Klecka's tau (τ) is a statistic which is used to test whether a given classification analysis improves one's classification to groups over a random allocation to the various groups under consideration.[1] The maximum value of τ is 1.0 indicating no errors in the prediction. A value of zero indicates no improvement over a random assignment.

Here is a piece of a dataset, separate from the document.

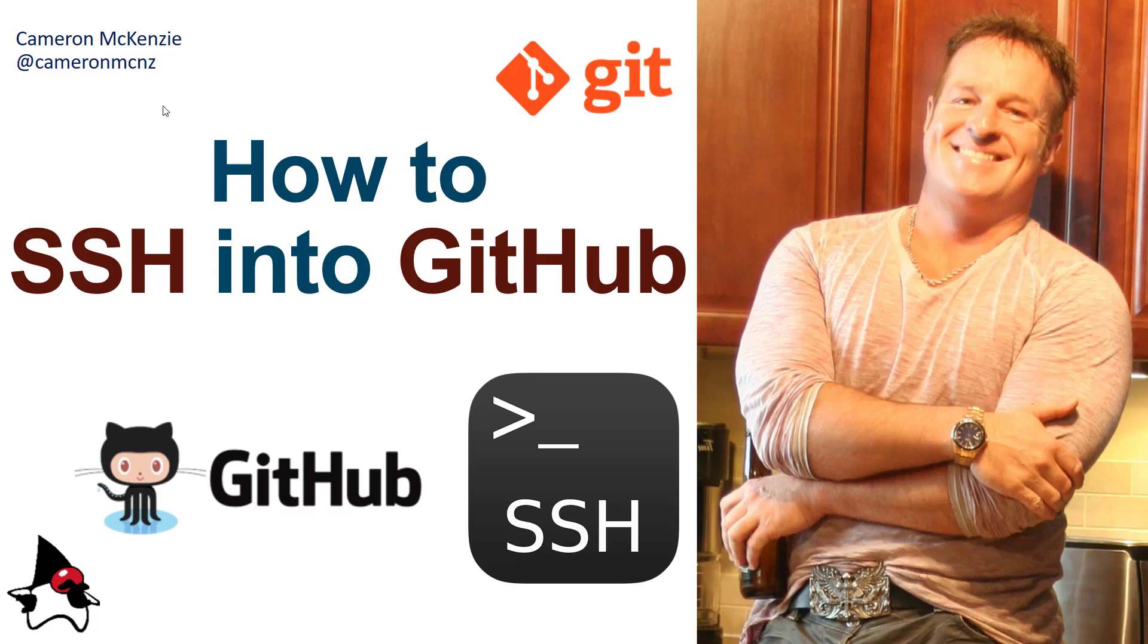And there you go. Now, if you enjoyed this quick tutorial on how to SSH into GitHub, why don't you head over to theserverside.com. I'm the editor in chief over there. I've got lots of great articles on enterprise software, DevOps, Git, and programming in general. If you're interested in my personal antics, you can always follow me on Twitter at CameronMCNZ and subscribe on the YouTube.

The distribution of τ is not presently known and it is used as a descriptive rather than as an analytic statistic.

## Rationale for use

Klecka's τ was developed for use with discriminant analysis. The raw accuracy of discriminant analysis the sum of correct predictions divided by the total number of cases. Klecka noted that although the percentage of cases predicted accurately is the most intuitive measure of discrimination, the magnitude of this percentage should be judged in relation to the expected percentage of correct classifications made by random assignment. A proportional reduction in error statistic (τ) can be calculated giving a standard measure of improvement over a random assignment regardless of the number of groups.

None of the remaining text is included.